Some commentators instantly linked the rise to Joe Hockey’s recent calls for tighter banking regulation (“Hockeynomics”) while others focused on Treasurer Wayne’s Swan’s stinging rebuke of the RBA’s decision.
Here’s an overview of what the pundits had to say:
The Australian
David Uren: Wayne Swan hits ‘cynical’ bank cash grab
The Commonwealth Bank’s shock decision to almost double the RBA’s 25-basis-point rate rise has exposed the banking sector to a fresh round of regulation.
Condemning the Commonwealth’s move as a “cynical cash grab”, Wayne Swan foreshadowed a reform package to foster competition and stop the big four banks from exploiting their market dominance.
The Courier Mail
Michael Madigan: Time to name and shame banks say retailers after latest interest rate rise
Stunned retailers – who had expected the Reserve to hold fire in the lead-up to Christmas – accused the banking sector of “economic terrorism”.
The United Retail Federation said it was preparing a “name and shame” campaign against the banks. URF national president Scott Driscoll said the rise would “kill Christmas 2010” for retailers, consumers and workers.
The Age
Michelle Grattan: ‘Cash grab’ leaves Joe laughing
Joe Hockey, the butt of attacks from the government and some Liberals, was laughing yesterday. Many home borrowers will be cursing Commonwealth Bank, but, whatever the rights or wrongs of its action, in political terms it has justified Hockey’s criticisms of the banks and his calls for more competition.

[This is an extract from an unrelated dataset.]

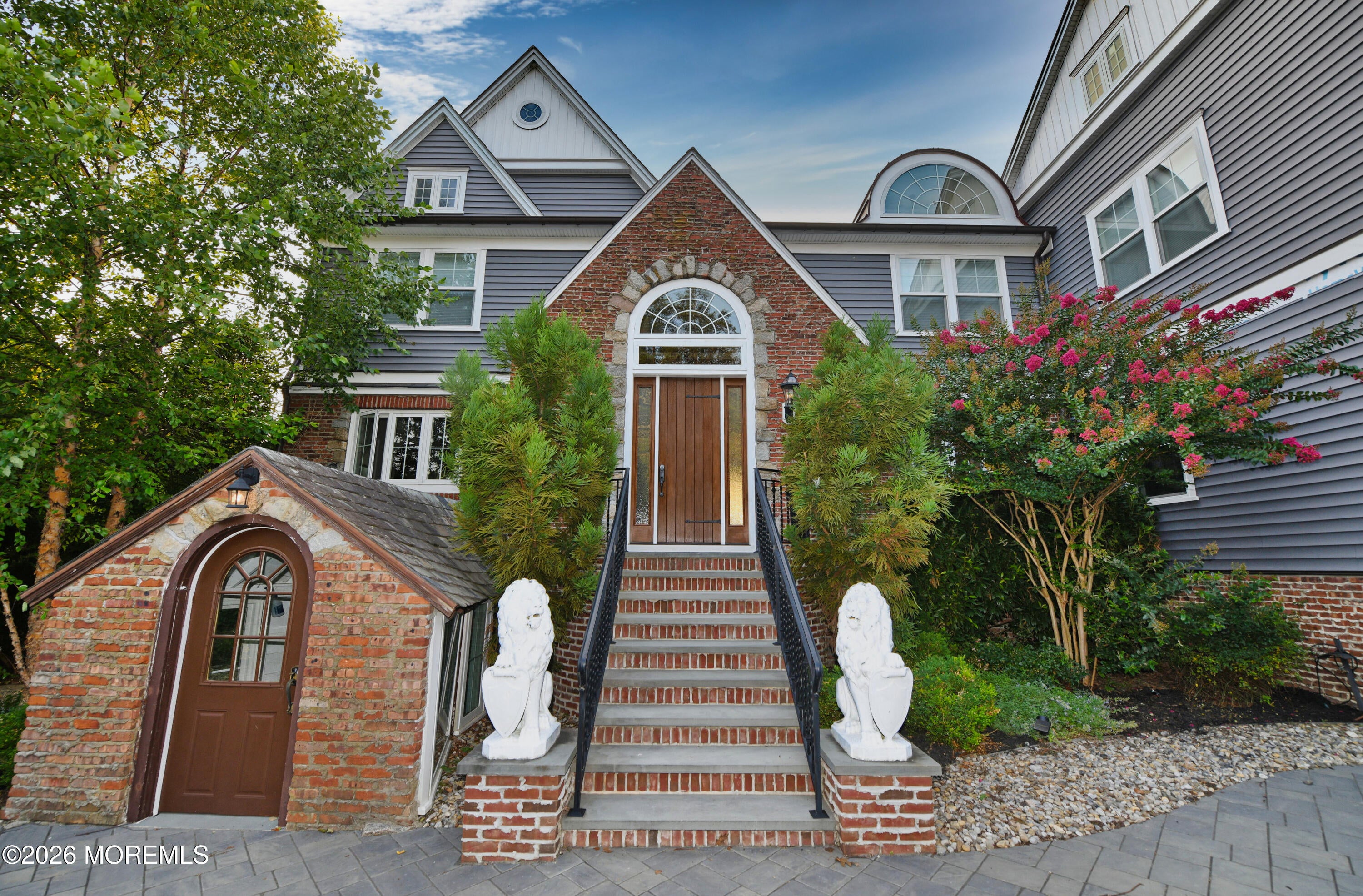 2619 River Road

Peter Martin: Fury over super-sized rate rise
Australia’s biggest bank has humiliated Treasurer Wayne Swan and thumbed its nose at a parliamentary inquiry by lifting its mortgage rates by nearly double yesterday’s surprise 0.25 percentage point increase in the Reserve Bank’s official cash rate.
Sydney Morning Herald
Lenore Taylor: It’s easy to own up to someone else’s problem
Joe Hockey has clinched his interest rates attack. The grand finale came yesterday when he declared the Gillard government and its ”insipidly weak Treasurer” owned the interest rate rises.
He claimed they owned the Reserve Bank rise because they were still spending too much. And they owned additional rises by the big banks because they hadn’t acted to increase competition in the banking sector.
Jessica Irvine: Saddle up for higher interest – and come home strongly in the long run
Fool me once, shame on you. Fool me twice, shame on me.
There could be no better aphorism to describe the thinking behind the Reserve Bank’s decision to lift interest rates despite last week’s tame inflation report.
Courier Mail
Dennis Atkins: Joe Hockey’s blast at banks seems vindicated
Wayne Swan and Joe Hockey will remember Melbourne Cup day 2010 for quite a while regardless of which horse they fancied in the big race.
The Daily Telegraph
Malcolm Farr: Hitting punters for an interest rate sling
The Commonwealth Bank, which once proudly carried the PR shingle of “The People’s Bank’’, sprinted to be first to show it thinks the public can be milked even more. Taxpayer guarantees during the global recession have allowed the bank to hit its taxpaying customers for a further sling.